My
hypothesis is that avoiding temporaries helps most at sizes where,
without temporaries things stay in the L2 cache but with temporaries
they don't.
Interestingly, I'm working on this right now, but for reasons of "how to do
local operations on arrays too large to live in memory at once" rather than
performance on in-memory arrays.
The whole file is not yet ready for public consumption, but you can see all
operations referencing "BrickArray" in this file:
https://github.com/timholy/julia/blob/imagelib/extras/grid.jl
(methods may be a bit scattered)
BrickArray will interface nicely with the almost-ready-to-be-pulled support
for memory-mapped arrays:
https://github.com/JuliaLang/julia/pull/743#issuecomment-5265229
Best,
--Tim
The two really big issues that are "conceptual problems" for array
fusion (rather than complex but definitely doable issues) are:
1. Observability/evaluation order changes: removing _named_
temporaries means that, when optimised, a future Julia couldn't "set a
breakpoint and then look at that array" (because the elements are
never there at no time). Personally I'm happy to say that, as with
other optimisations, an optmised piece of code may not longer be
observable.
2. Detecting higher-level access patterns in code. You _could_ provide
new implementations of +, -, .*, ... that are more "build an AST"
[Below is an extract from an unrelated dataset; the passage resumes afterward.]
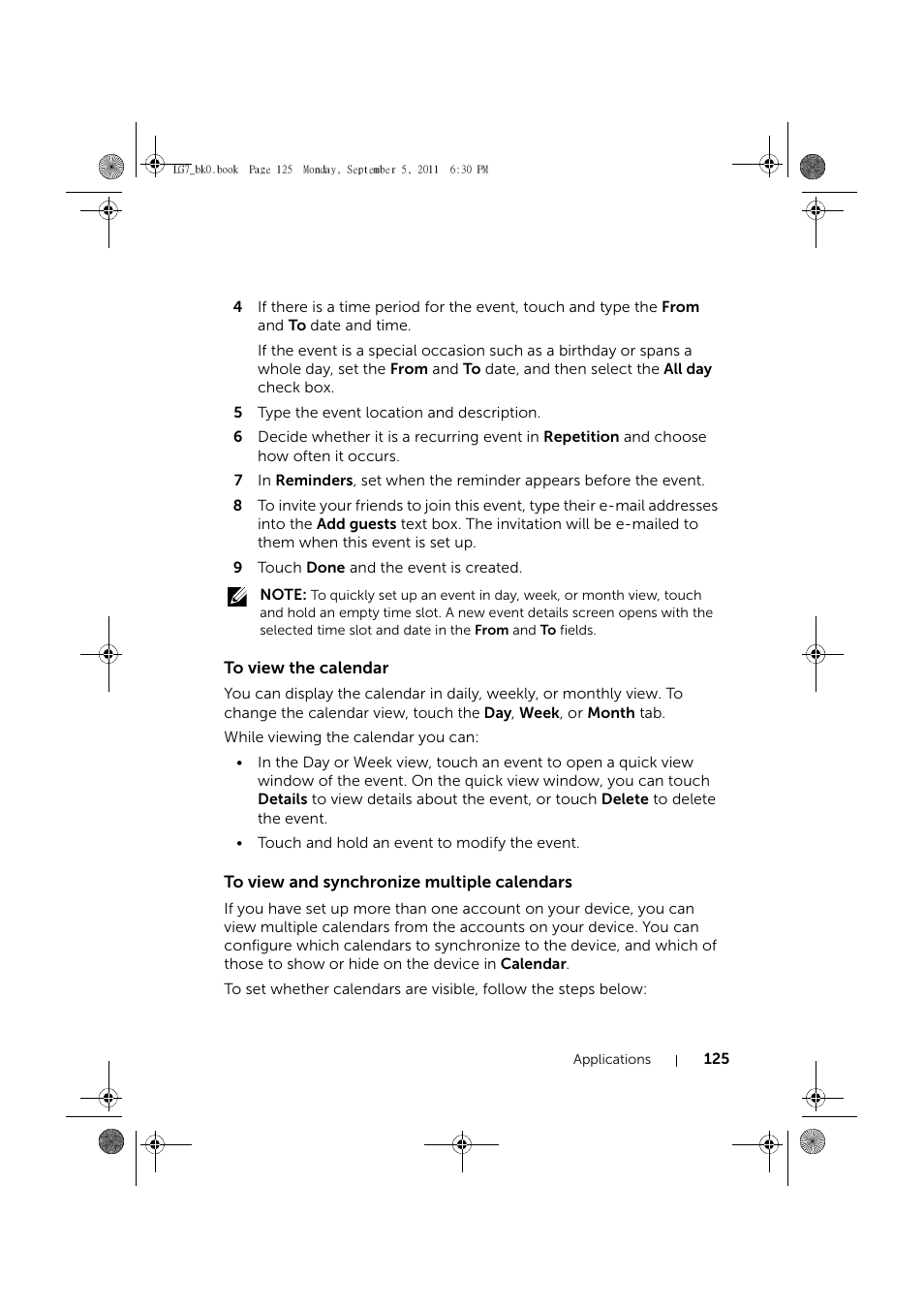 To view the calendar, To view and synchronize multiple calendars | Dell Mobile Streak 7 User Manual | Page 125 / 142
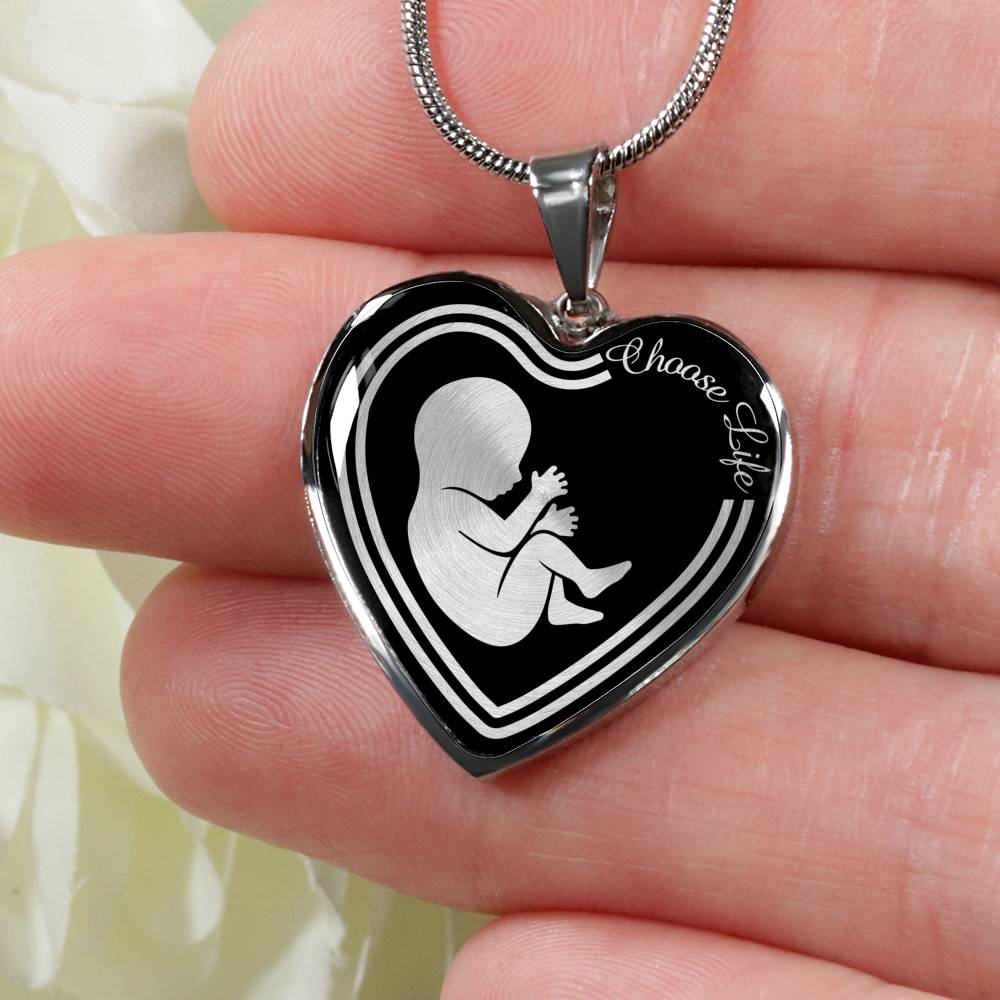 Choose Life Prolife Necklace Stainless Steel or 18k Gold Heart Pendant 18-22"-Express Your Love Gifts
rather than actually evaluate things, but I'd prefer to avoid that if
possible. This is because it's providing a "parallel" set of code that
needs to be kept in synch with normal evaluation routines
(particularly given Julia's method dispatch), which is probably more
maintenance work than is feasible. That's why I'm thinking about if
this info can be gathered by tracing, since then it's essentially
derived from the normal evaluation process. However, the task of
extracting the pattern from the trace may be too hard, not sure yet.
But these are issues specific to the array issue, while you were
asking about more general optimisation issues.
This is the sort of optimization that I think the CUDA library that I want, needs to do to build up the kernels that are passed to the GPU card. I may have a chance this week to mock up the design with a Julia backend. The main idea is that the execution does not occur until the assignment is done (and I think I want to try to delay multiple assignment of execution until the data is requested from the GPU). There would be some sort of barrier to force the execution, and some way to force the barrier when you are using the commandline. This is a common technique in C++, and Julia is MUCH more suited for this type of programming.